Officer Commanding – Col. VISCOUNT MAITLAND

Age up to 45.

To enable Scotsmen who are who are thoroughly fit (height preferred – 5’ 9” to 5’ 11”) to join the above Battalion, the following arrangements have been made for special recruiting in Scotland. Recruiting Offices will be opened from 9 a.m. to 9 p.m., as under:–

Wed and Thursday, Oct. 21st and 22nd, ABERDEEN – Palace Railway Station Hotel.
Friday and Saturday Oct. 23rd and 24th, EDINBURGH – Royal Hotel.
Monday and Tues., Oct. 26th and 27th, GLASGOW – Central Station Hotel.

Chief Recruiting Officer and Attendant – Captain C. G. Westhead.

Now is YOUR chance to join a company of Brother Sportsmen!

Aberdeen Journal

Sportsman’s Battalion.

In our columns to-day there appears an advertisement inviting recruits for the Sportsman’s Battalion of the Royal Fusiliers, now going into camp in Essex. It should appeal to many very specially in the North of Scotland. Surely no such regimental roll-call ever figured in the archives at Whitehall! There are now enrolled two sons of peers, three baronets, a K.C.M.G., and a peer’s brother. On the other hand, there is a hotel cook who can speak several languages, and who will make an excellent interpreter at the front. A famous boxer, many cricketers and footballers, both amateur and professional, and a number of rowing men are about to devote their energies to mastering military evolutions. One notable recruit has been making a living for years as a music-hall “Apollo”.

A London Appeal

It is seldom that those resident in Scotland are invited to join one or other of the London regiments, but that opportunity has been given on behalf of the Sportsman’s Battalion of the City of London Royal Fusiliers. Captain Westhead, one of the officers of the battalion, is now.  on a recruiting tour in Scotland, and today and tomorrow he will be in attendance at the Palace Hotel, Aberdeen, for the purpose of enrolling men. £10,000 has been raised for the fitting-out of the battalion, and when the necessary numbers have been secured they will take the field as one of the best equipped units in Lord Kitchener’s Army.

Liverpool Echo



John Brown and James Brown let us call them. Those are not their real names, but they will serve as convenient labels for two well-known Liverpool brother who a few years ago were prominent in every kind of field sport. They are strong, hardy men (says the “Day to Day” column of the “Daily Post”), and when they heard that, a Sportsman’s Battalion was being raised for military service they determined to enlist. The maximum age for volunteers was forty-five, and they both happened to be over fifty.
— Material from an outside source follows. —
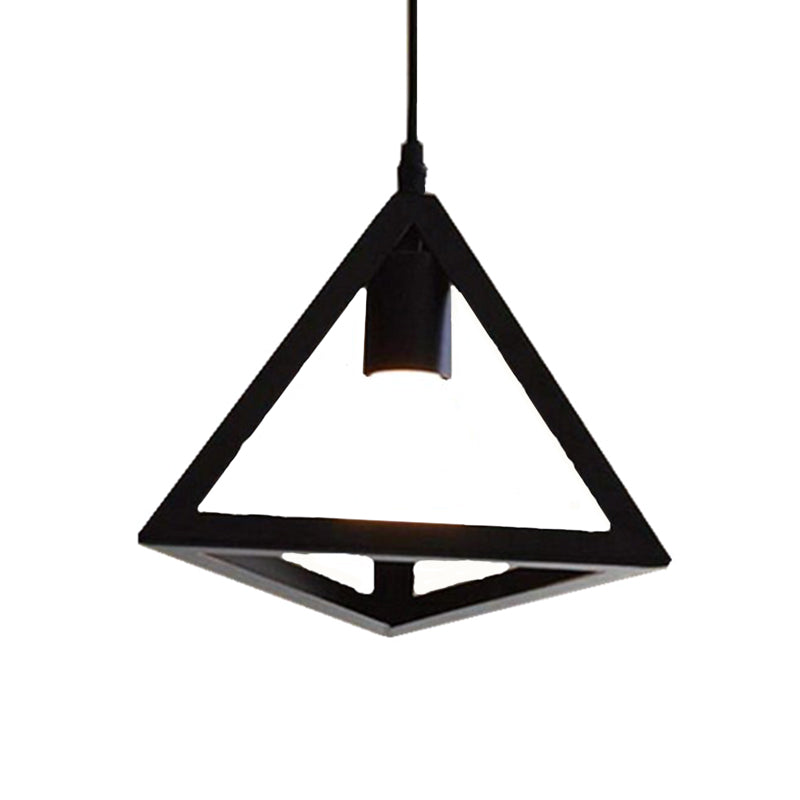 Modern Triangle Hanging Ceiling Light Metal 1 Light Pendant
Still, that was not a serious obstacle. Everybody can tell a little fib some time or other, if he screws himself up to it. John was the first to seek out a recruiting sergeant. When the question of age was mentioned, he explained that he was just turned forty-four – forty-four and three months to be precise. And so he was passed.
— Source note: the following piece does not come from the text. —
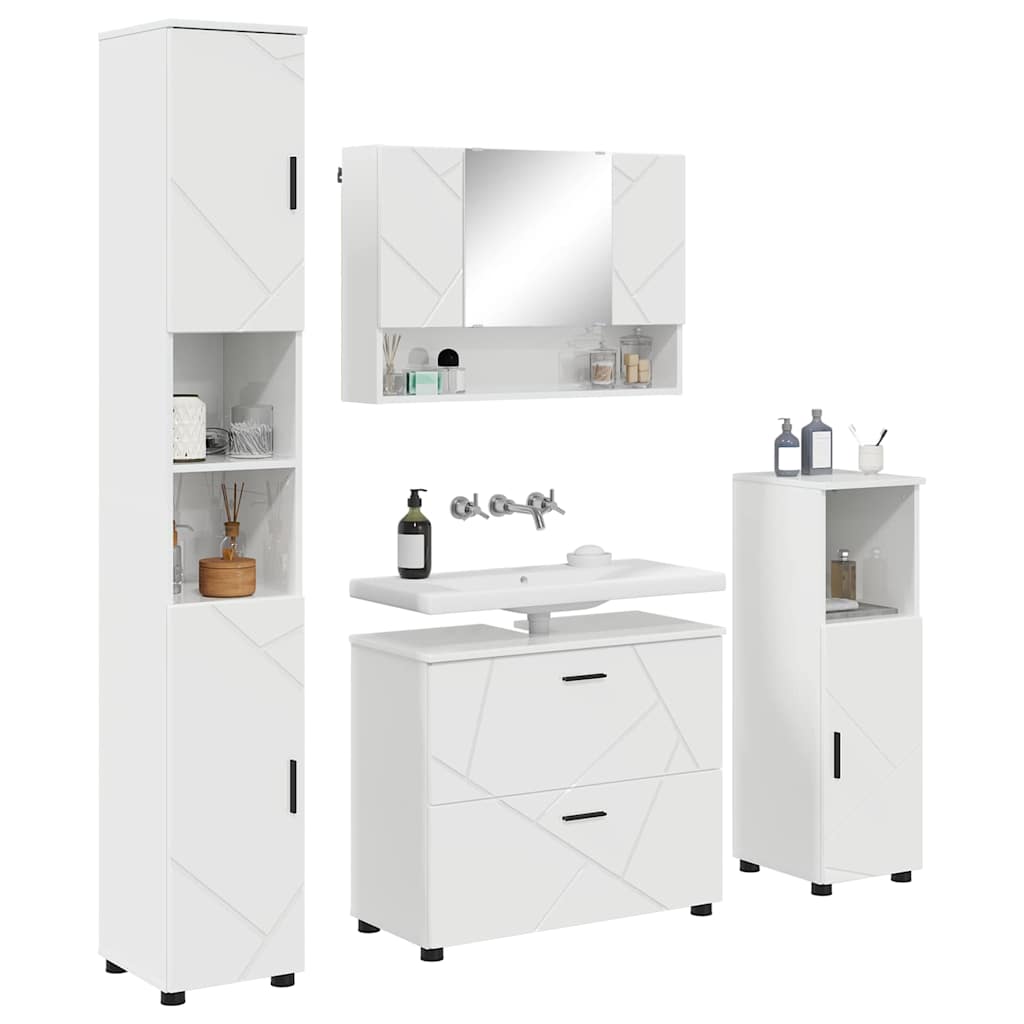 vidaXL Badkamermeubelset met lade 4 pcs Hoogglans wit 30 x 35 x 192 cm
James, unaware that John had preceded him, turned up at the recruiting office a little later the same day. “Your age?” asked the officer. “Forty-four and six months,” said James firmly, and without even the even the faintest blush. “By the way,” pursued the officer, glancing through some forms on his desk, “are you related to John Brown?” “Brother,” said James, proudly. “H’m,” was the official comment. “Well, you’re two very excellent men, and, having regard to your ages, you must have had, if I may say so, a very remarkable mother.” And then James was passed, too.